Com a proximidade do calendário eleitoral, a oposição no Congresso Nacional passou a intensificar articulações para avançar em pautas consideradas prioritárias antes do esvaziamento da agenda legislativa causado pelas campanhas. Entre os principais alvos estão a derrubada do veto ao PL da dosimetria, a criação da CPMI do Banco Master , o reforço da CPMI do INSS e pedidos de impeachment de ministros do Supremo Tribunal Federal (STF), especialmente do ministro Alexandre de Moraes.

A estratégia dos oposicionistas é concentrar esforços em temas de apelo político e institucional, mesmo diante da dificuldade de formar maiorias qualificadas, da resistência do Executivo e da tensão permanente com o Judiciário. A avaliação interna é de que, ainda que nem todas as pautas avancem formalmente, a mobilização tem peso eleitoral e ajuda a consolidar discursos para a próxima campanha.

Foto: Marcos Oliveira/Agência Senado
Senadores da oposição

Segundo o senador Izalci Lucas (PL-DF), líder da oposição no Congresso, o momento exige firmeza do Legislativo. “O Brasil precisa de ordem, ética e respeito à Constituição”, afirmou. Na Câmara, o líder da oposição, deputado Cabo Gilberto (PL-PB), defendeu que a prioridade é “resgatar o cumprimento da Constituição” e cobrar promessas não cumpridas do Governo Lula.

Para o cientista político Alexandre Bandeira, o retorno do recesso legislativo, em fevereiro, ocorrerá em um ambiente de tempo reduzido, mas de alta intensidade política. “O calendário será mais curto, mas não menos ativo. O contexto eleitoral acelera decisões”, avaliou, destacando que o atual Congresso tem perfil majoritariamente conservador.

Veto à dosimetria

O debate sobre o PL da dosimetria, que trata da revisão das penas aplicadas aos condenados pelos atos de 8 de janeiro de 2023, voltou ao centro das discussões após o veto do presidente Lula. Apesar de aprovado com maioria absoluta nas duas Casas, o texto foi barrado pelo Executivo.

O líder do PL na Câmara, deputado Sóstenes Cavalcante (RJ), afirmou que a oposição trabalha para derrubar o veto. “Será derrubado na primeira sessão do Congresso”, declarou. No Senado, Izalci Lucas disse que o tema está ligado à pacificação nacional e à correção de excessos judiciais.

Sem anúncio no momento

Na Câmara, a deputada Caroline De Toni (PL-SC) apresentou requerimento para convocar sessão extraordinária para análise do veto, mas a iniciativa enfrenta entraves regimentais. “O Congresso não pode abrir mão do seu papel”, afirmou a parlamentar.

CPMI do INSS e do Banco Master

Outro eixo central da atuação da oposição é a fiscalização do Executivo. A CPMI do INSS é vista como oportunidade para aprofundar investigações sobre desvios de recursos previdenciários. “Já temos diagnóstico de como bilhões foram desviados de aposentados”, afirmou Izalci.
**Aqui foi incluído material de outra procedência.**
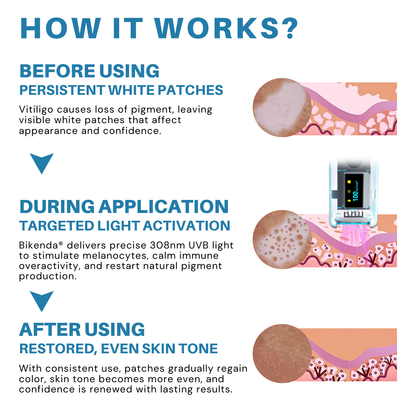 Bikenda® Vitiligo Light Therapy Device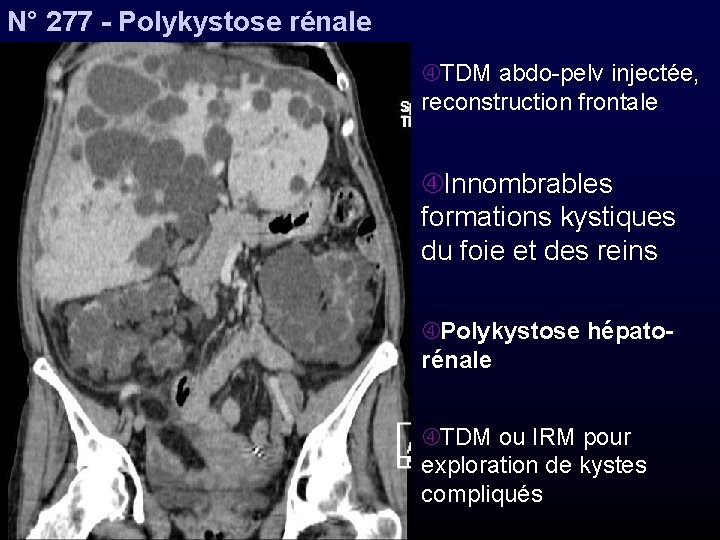 N° 277 - Polykystose rénale TDM abdo-pelv injectée, reconstruction frontale Innombrables formations kystiques du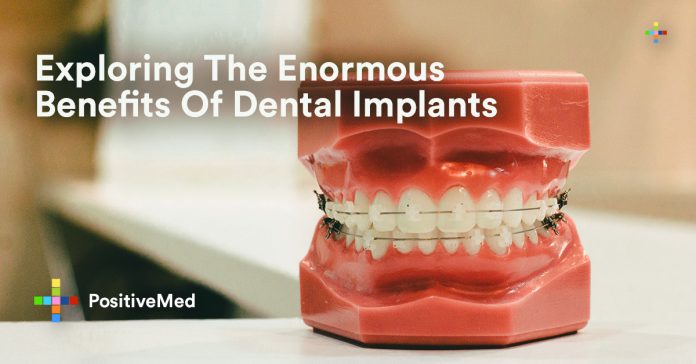 Exploring The Enormous Benefits of Dental Implants.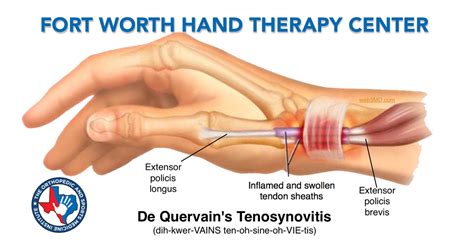 De Quervain’s Tenosynovitis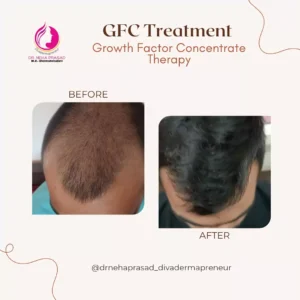 drneha-dermatologist-clients-treatment-photos (3)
Além disso, a oposição pretende ampliar a apuração para incluir prejuízos estimados em mais de R$ 12 bilhões envolvendo a relação entre o Banco Master e o BRB. Paralelamente, deputados trabalham para a abertura de uma CPMI exclusiva do Banco Master. O vice-líder da oposição, deputado Carlos Jordy (PL-RJ), afirmou já ter as assinaturas necessárias para apresentar o pedido após o recesso.

Impeachment e limites ao STF

O embate com o Supremo Tribunal Federal também está no centro da agenda oposicionista. Parlamentares defendem o avanço de pedidos de impeachment de ministros do STF e de propostas que limitem decisões monocráticas e reforcem as prerrogativas do Legislativo.

Izalci Lucas afirmou que o Senado deve cumprir seu papel constitucional para conter o que chama de ativismo judicial. Carlos Jordy declarou que o impeachment de Alexandre de Moraes é “uma questão de tempo”. Já a deputada Bia Kicis (PL-DF) defendeu a priorização de pautas institucionais relacionadas ao STF.

Entre as propostas em destaque estão as PECs 8/2021 e 28/2023, que tratam, respectivamente, da limitação de decisões monocráticas e da criação de mandato para ministros do STF. Para Alexandre Bandeira, o Congresso também deve discutir a atualização da Lei do Impeachment, em resposta a decisões recentes da Corte.